It has been quiet on this blog for a while and that may have something to do with Batman: Arkham City (PC), Saints Row the Third and Skyrim. If not, then congratulations: you have found a rock to hide under that will keep even an atomic apocalypse at bay.
I think Skyrim alone has my agenda booked for a few years and I wish I was joking but I'm not.
It's hard if not impossible to review the game without comparing the game to its predecessor, Oblivion. And in many aspects the game feels and plays much like Oblivion 2.0 than a truly new game.
This doesn't need to be a negative comment however. Many stupid flaws like bandits pimped out in daedric armor has been removed, and turned into a more realistic way. This mostly due to a revamped levelling system. The game thankfully throws away number-crunching and instead opts for perks in the form of a stellar talent tree of sorts.

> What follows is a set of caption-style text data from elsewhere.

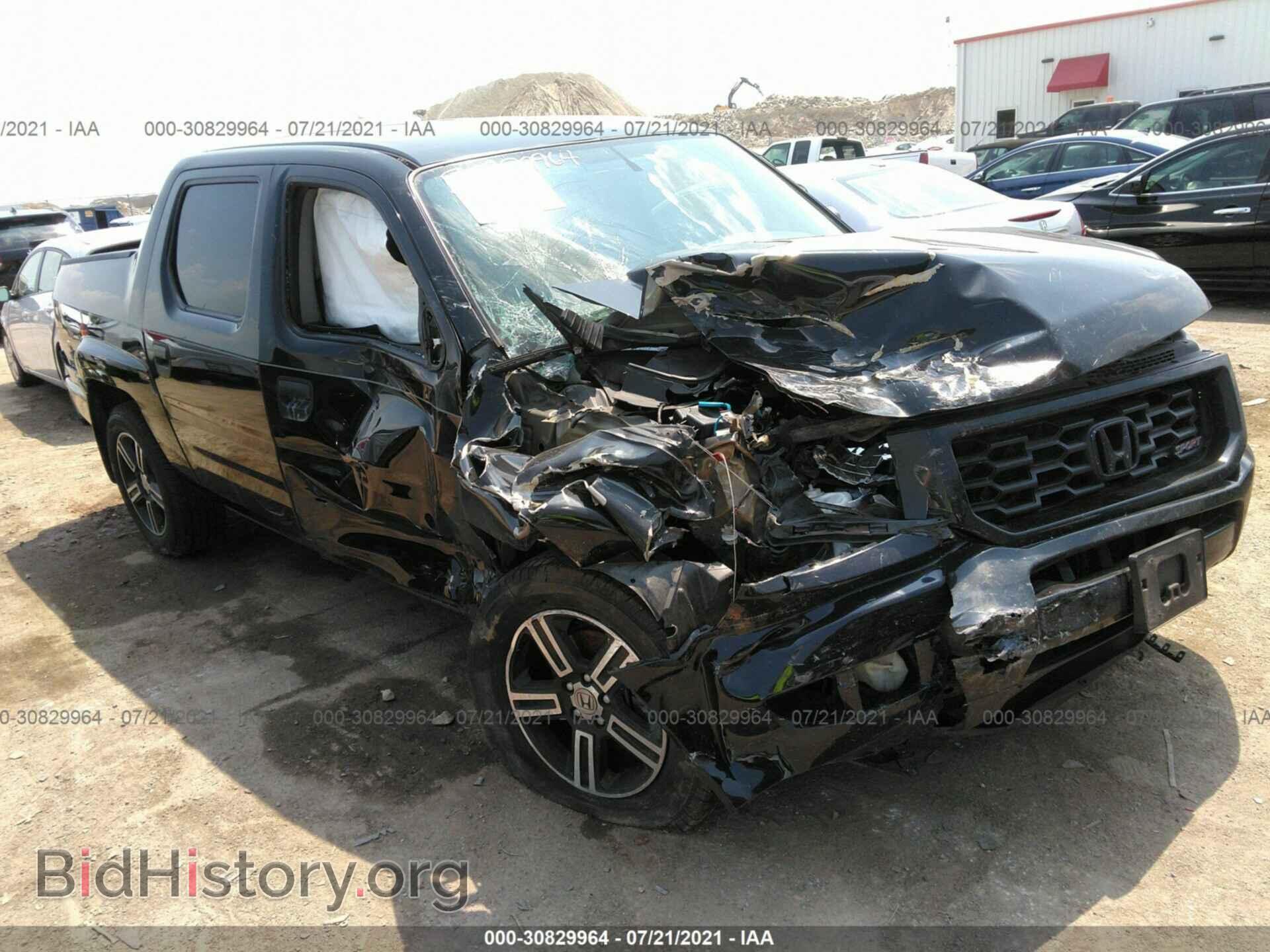 Photo 5FPYK1F73DB006526 - HONDA RIDGELINE 2013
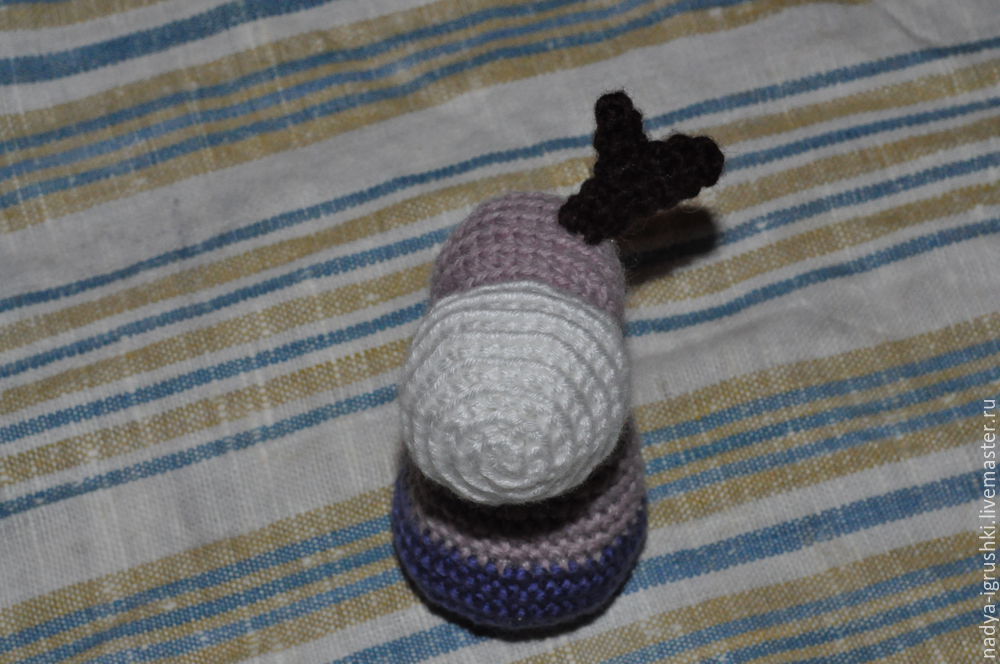 Как связать милого новогоднего оленя, фото № 7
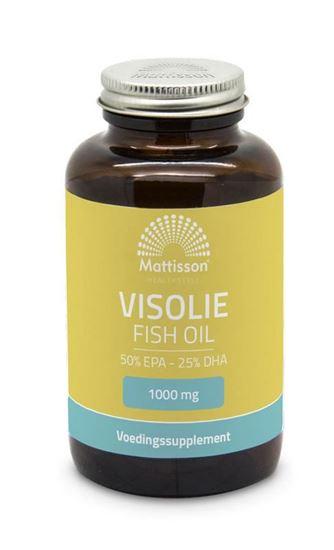 Mattisson Omega 3 visolie 50/25 1000mg 60 Tabletten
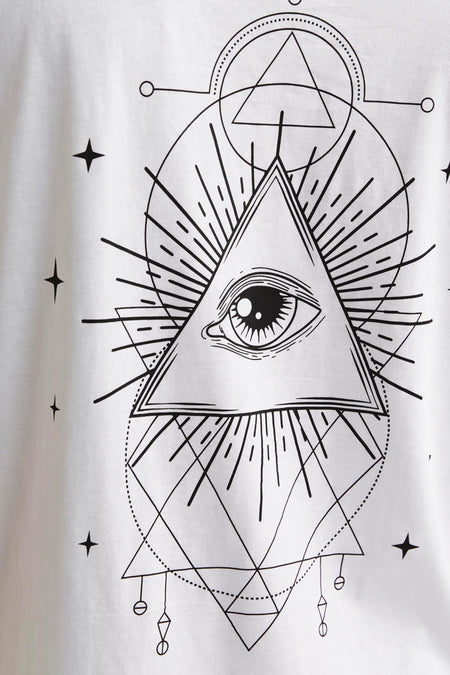 T-shirt à manches courtes - blanc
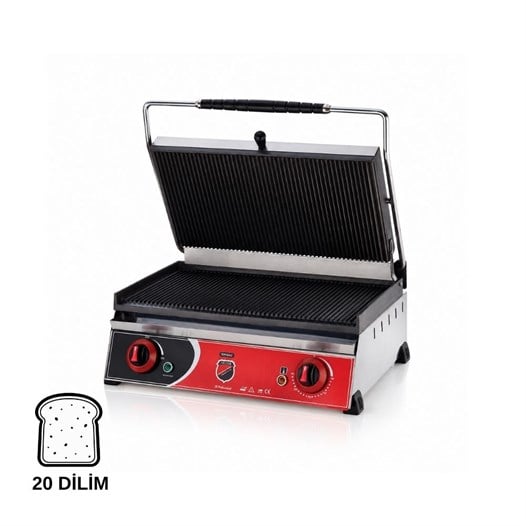 Silverinox Elektrikli 20 Dilim Döküm Tost Makinesi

The graphics and animations are a much improvement, and gone are the outdated and dreadful faces from Oblivion. That is not to say that Skyrim is a next-gen game however. Graphically it's a very pretty game especially in its depiction of the wild northern wastelands. Unfortunately animation-wise melee still feels artifical and clunky. The game's incorporation of finishing blow cinematics helps that somewhat, especially on larger foes such as dragons but often it's not very seamless when it comes to normal foes.
Unfortunately what Skyrim does not succeed in improving from Oblivion, is its stupid AI and pathfinding. NPC's either have an IQ similar to that of Skyrim's temperature. or they were all dropped on their heads as an infant and then promptly used as some kind of Nordic basketball substitute. This is even worse if you manage to have a henchman. If you play as an archer they will invariably run in front of you to a point where an arrow magnet would drop to its knees for in worship. Half the time they will run away to fight some thing (god knows what) half the map away. At some point I noticed my companion Lydia had been absent the last few hours I played. Probably chasing some vampiric butterflies or a similarly retarded aberration of the mind.
To be honest your henchmen are so stupid that they only have one practical use: As a glorified mule to carry *my* dungeon swag.
And then of course there's the crashes, errors and the often-hilarious infamous Bethesda glitches. As mentioned before at some point I lost Lydia, and later I decided to have a go at marriage. I obtained the quest to attend my own wedding ceremony. Piece of cake I thought, and I set the waiting timer to 24 hours.
I was greeted by two men spawning at the door, with in their midst a naked woman's corpse: Lydia
"Honey, I can explain" I muttered to myself as I saw the dooming "You have failed the quest" dance in front of my eyes.
Luckily I was able to drag her corpse to a side-room, including a priest telling me "To stop that" during my blasphemous act, and try the wedding a second succesful time.
And then there's the character that got an arrow stuck in its head which was more relentless to remove than a hobo from an atm machine:
The game's biggest flaw though is its User Interface. A UI is supposed to be practical and intuitive. Those are exactly the values that Skyrim's UI is lacking. On the contrary it's clumsy and unresponsive. It's so bad that it becomes impossible at times to click on the right item in your inventory.
Another failure is how the game introduces "Favorites". They are like a custom skill bar except you need to press "Q" and then move your cursor to the right magic skill or item. This also pauses the game.
So, why not use a skill bar in the first place with an integrated hotkey ability?
Beats me.
Overall though Skyrim is a lovely and addictive game. Where Bethesda truly outshone itself in however is the complexity of Skyrim's open world. Skyrim is a northern landscape encompassing glaciers, vast white mountains and tundras. It's an immersive world that at this point can't be equalled by any other game. It's definately the best installment so far in the Elder Scrolls saga.
It's a game where you are encouraged to explore and investigate and be rewarded for that by finding new dungeons, a great amount to detail to Skyrim's beauty and the ability to create your own story.
Skyrim is a game where each gameplay is vast and unique. It's a game that even with its many flaws, and at times even thanks to its flaws, is a game of beauty, unrivalled in its genre.